### Provided material
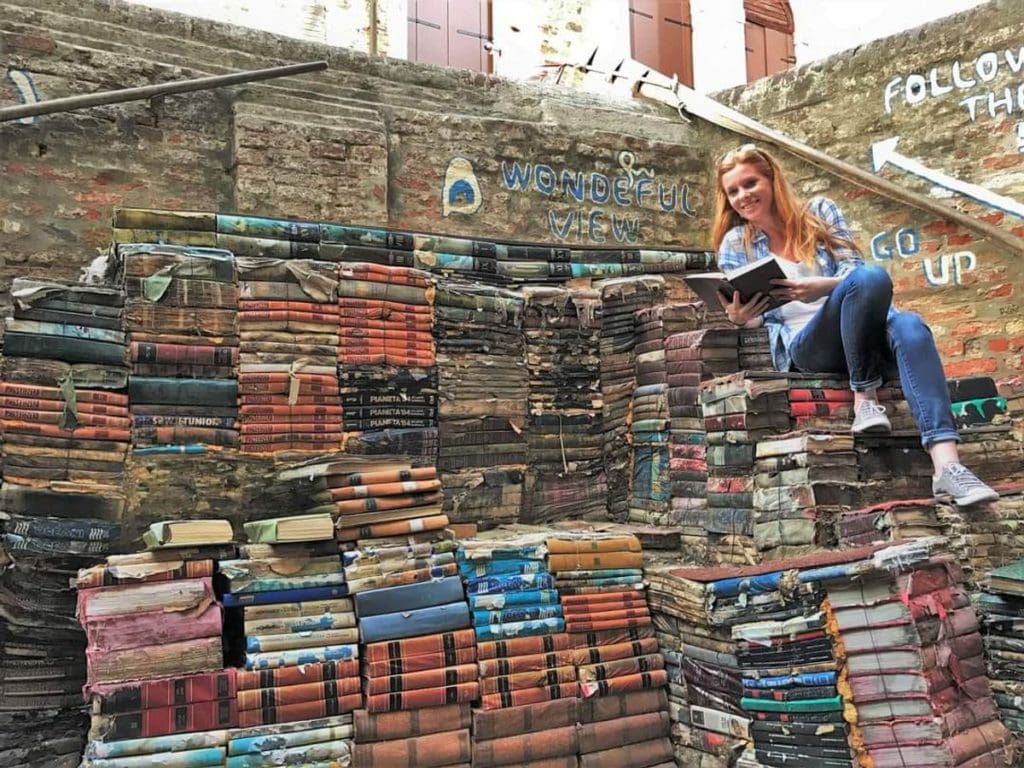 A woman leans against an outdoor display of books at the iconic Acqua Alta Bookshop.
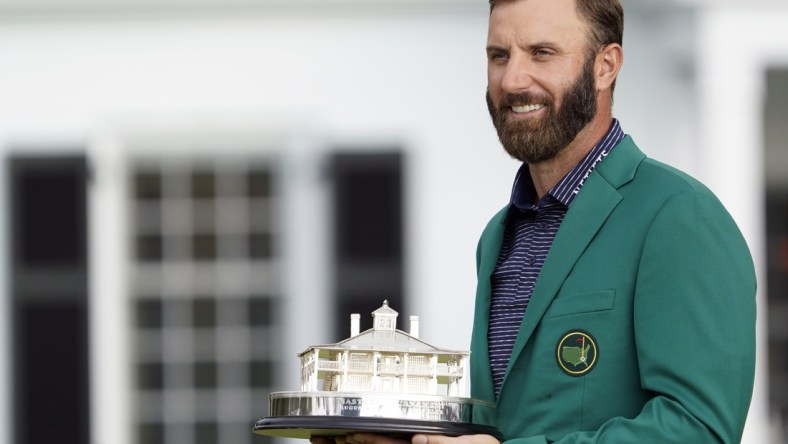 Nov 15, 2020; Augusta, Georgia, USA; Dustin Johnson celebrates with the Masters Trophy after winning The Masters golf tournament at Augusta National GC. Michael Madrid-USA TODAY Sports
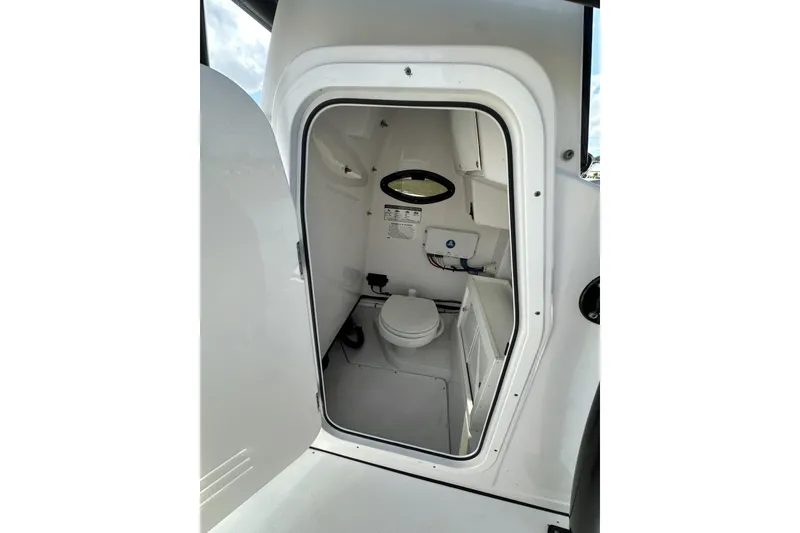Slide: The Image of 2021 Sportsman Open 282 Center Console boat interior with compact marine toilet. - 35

### What is needed
All of the material above goes into the copy exactly as is; the pictures do not.

### Result for this task
 A woman leans against an outdoor display of books at the iconic Acqua Alta Bookshop.
 Nov 15, 2020; Augusta, Georgia, USA; Dustin Johnson celebrates with the Masters Trophy after winning The Masters golf tournament at Augusta National GC. Michael Madrid-USA TODAY Sports
Slide: The Image of 2021 Sportsman Open 282 Center Console boat interior with compact marine toilet. - 35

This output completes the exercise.